If you want to make sure your code is built following a concrete C version, it has two parts:
- you must request the C specification version in your C code
- you need an implementation (compiler, linker, ...) that supports the version you want
In C89, there was no
__STDC_VERSION__
macro (note there are two underscores both leading and
terminating the macro). In the Normative Addendum
1 for C89 from 1994, the macro was
defined with a value of 199409L
. In the
C99 specification
the macro has a value of 199901L
.
So, if you want your compiler to use a minimal or a specific C version, work
with the macro and #ifdef
and #error
preprocessor directives.
#ifndef __STDC_VERSION__
#error "__STDC_VERSION__ not defined. C99 compiler or greater required."
#else
#if __STDC_VERSION__ < 199901L
#error "C99 compiler or greater required."
#endif
#endif
In the 1997: Single UNIX Specification (SUS) version
2,
with systems supporting that version as UNIX98, the compiler binary supporting
C89 had to be named c89
. You can search SUS ver 2
here, and type c89
.
In
POSIX:2004,
which corresponds to SUS ver 3 with updates, the C compiler binary supporting
C99 standard had to be named c99
. The latest SUS
version (as of May, 2020)
still defines c99
. I expect the future SUS versions with require c11
binary
to support the C11 standard.
Might be difficult to get the compiler work as the exact specification version.
For example, the following will compile while //
are not part of C89, and
moreover, _Bool
is not either and it does not issue even a warning.
janp:air:~$ cat main.c
int
main(void)
{
// not in C89
_Bool b;
}
$ c89 main.c
main.c:4:2: warning: // comments are not allowed in this language [-Wcomment]
// not in C89
^
1 warning generated.
$ gcc -std=c89 -pedantic main.c
main.c:4:2: warning: // comments are not allowed in this language [-Wcomment]
// not in C89
^
1 warning generated.
- since C99 (§6.7.2.1, item 16, page 103)
- it is an array without a dimension specified as the last member of the
structure
- handy for structures with a fixed header and some "padding" data of flexible length that is allocated dynamically
- why not to use a pointer instead? It is good when passing data over
boundaries such as network, kernel/userland, etc. since deep structure
copy is not necessary.
- just copy the structure as a whole (however, it is necessary to know how large is the padding) because it is all contiguous memory
-
sizeof (the_structure)
gives you the size of the structure as if the flexible array was empty.
Example:
struct item {
int itm_value;
/* Other members follow*/
/* ... */
int itm_plen; // payload length in bytes
char itm_payload[];
/* Nothing can follow! */
};
The memory layout looks like this:
+-------------+-----------------------+
| struct item | payload ... |
+-------------+-----------------------+
Previously, this was hacked around using array with 0 items and GCC accepted this. Since C99 this can be done properly using this technique.
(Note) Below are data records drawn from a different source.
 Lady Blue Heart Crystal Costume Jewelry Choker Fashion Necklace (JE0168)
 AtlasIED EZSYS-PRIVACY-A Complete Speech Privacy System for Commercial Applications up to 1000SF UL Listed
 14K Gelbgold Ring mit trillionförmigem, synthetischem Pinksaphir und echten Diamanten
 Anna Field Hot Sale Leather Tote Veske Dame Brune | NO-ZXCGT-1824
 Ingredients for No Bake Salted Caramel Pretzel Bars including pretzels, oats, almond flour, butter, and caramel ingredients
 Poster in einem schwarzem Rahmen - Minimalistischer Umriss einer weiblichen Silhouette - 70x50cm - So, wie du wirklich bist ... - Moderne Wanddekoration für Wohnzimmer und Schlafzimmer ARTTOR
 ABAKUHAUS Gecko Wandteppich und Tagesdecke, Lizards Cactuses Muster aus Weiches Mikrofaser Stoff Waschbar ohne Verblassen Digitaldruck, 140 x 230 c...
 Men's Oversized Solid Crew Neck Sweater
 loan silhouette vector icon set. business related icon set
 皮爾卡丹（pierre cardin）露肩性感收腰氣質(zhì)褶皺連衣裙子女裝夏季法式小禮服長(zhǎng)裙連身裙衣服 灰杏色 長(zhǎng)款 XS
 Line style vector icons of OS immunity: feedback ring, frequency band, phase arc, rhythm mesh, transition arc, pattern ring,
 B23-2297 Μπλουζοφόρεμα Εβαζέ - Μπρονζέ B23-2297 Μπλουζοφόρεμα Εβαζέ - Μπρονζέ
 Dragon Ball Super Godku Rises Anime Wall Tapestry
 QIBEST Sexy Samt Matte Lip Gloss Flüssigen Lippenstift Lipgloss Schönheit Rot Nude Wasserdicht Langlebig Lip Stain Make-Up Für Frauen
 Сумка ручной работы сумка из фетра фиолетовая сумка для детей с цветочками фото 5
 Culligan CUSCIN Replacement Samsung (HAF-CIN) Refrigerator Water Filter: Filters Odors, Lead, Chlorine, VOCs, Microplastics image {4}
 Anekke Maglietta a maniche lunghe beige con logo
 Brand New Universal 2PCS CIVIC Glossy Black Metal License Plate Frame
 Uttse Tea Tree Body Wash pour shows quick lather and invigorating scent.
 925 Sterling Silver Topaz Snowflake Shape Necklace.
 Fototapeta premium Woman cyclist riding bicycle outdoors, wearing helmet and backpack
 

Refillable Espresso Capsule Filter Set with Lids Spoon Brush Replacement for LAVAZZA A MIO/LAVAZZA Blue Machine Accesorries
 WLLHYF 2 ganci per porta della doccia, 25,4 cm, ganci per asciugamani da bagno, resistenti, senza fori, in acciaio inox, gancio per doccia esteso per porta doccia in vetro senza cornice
The data for the structure is allocated as follows:
struct item *p;
p = malloc(sizeof (struct item) + payload_len * sizeof (p->itm_payload[0]));
assert(p != NULL);
p->itm_plen = payload_len * sizeof (p->itm_payload[0]);
- with this approach the overall structure alignment might be lost
- i.e. it is necessary to set the payload length according to the size of the structure if you want to maintain the alignment
- sometimes memory is scarce (imagine having to keep millions of big structures
in memory) and there are members holding integer values that occupy just a
couple of bytes
- bit fields can be used to shrink the memory needed
struct foo {
unsigned int a : 3;
unsigned int b : 1;
unsigned int c : 4;
};
-
the number after the colon specifies the number of bits for a given bit field
- cannot exceed the size of the underlying data type (
unsigned int
in the above example)
- cannot exceed the size of the underlying data type (
-
you cannot use
sizeof
on a bit field -
this is good for implementing network protocol headers or HW registers, however the layout of bit fields in a C structure is implementation dependant
- if it needs to match a concrete layout, additional non-standard compiler
features have to be used (
#pragma
's etc.) - there is no
offsetof()
for bit fields
- if it needs to match a concrete layout, additional non-standard compiler
features have to be used (
- the integer values will behave as expected w.r.t. underflow/overflow and integer conversions/manipulations, e.g.
struct foo_s {
unsigned int a : 3;
unsigned int b : 1;
unsigned int c : 4;
} foo;
foo.a = 7;
foo.a++; // will wrap around to 0 since this is unsigned
If your library is stateful, the state is often managed by a handle used as an argument in the library function calls. Let's say internally in the library we need to track some ID and a position. Those members are expected to be used only by the library itself so the consumers of the library should not care or use whatever is inside the handle.
/* mylib.h */
struct ml_hndl {
int ml_id;
int ml_pos;
};
/* mylib.c */
struct handle *
ml_init(void)
{
/* allocate and init the handle first */
/* ... */
return (h);
}
/* mylib.c continues */
enum ml_err
ml_parse(struct handle *h, char *url)
{
enum ml_err e = ML_OK;
/* parse the URI */
/* ... */
return (e);
}
/* ... */
And the consumer would use it as follows:
#include <mylib.h>
int
main(void)
{
ml_err ret;
struct ml_hndl *h;
h = ml_init(void);
if ((ret = ml_parse(h, "some URI")) != ML_OK)
errx(1, "...");
/* ... */
}
So far, so good. However, what if the consumer code delves into the handle and uses the information in there (because the header file is part of the library and available to the consumer)?
int
main(void)
{
/* ... */
print_debug("[Debug] handle ID: %d\n", h->md_id);
/* ... */
}
This will work fine until the library provider changes the handle (believed to be internal to the library):
/* mylib.h */
struct ml_hndl {
long long ml_id; /* used to be an int */
int ml_pos;
};
Unless the consumer code is recompiled after the change, which may not happen as it could be some 3rd party software bought by the customer years ago, the debug print is now incorrect as it only prints the first 4 bytes of the structure, not 8.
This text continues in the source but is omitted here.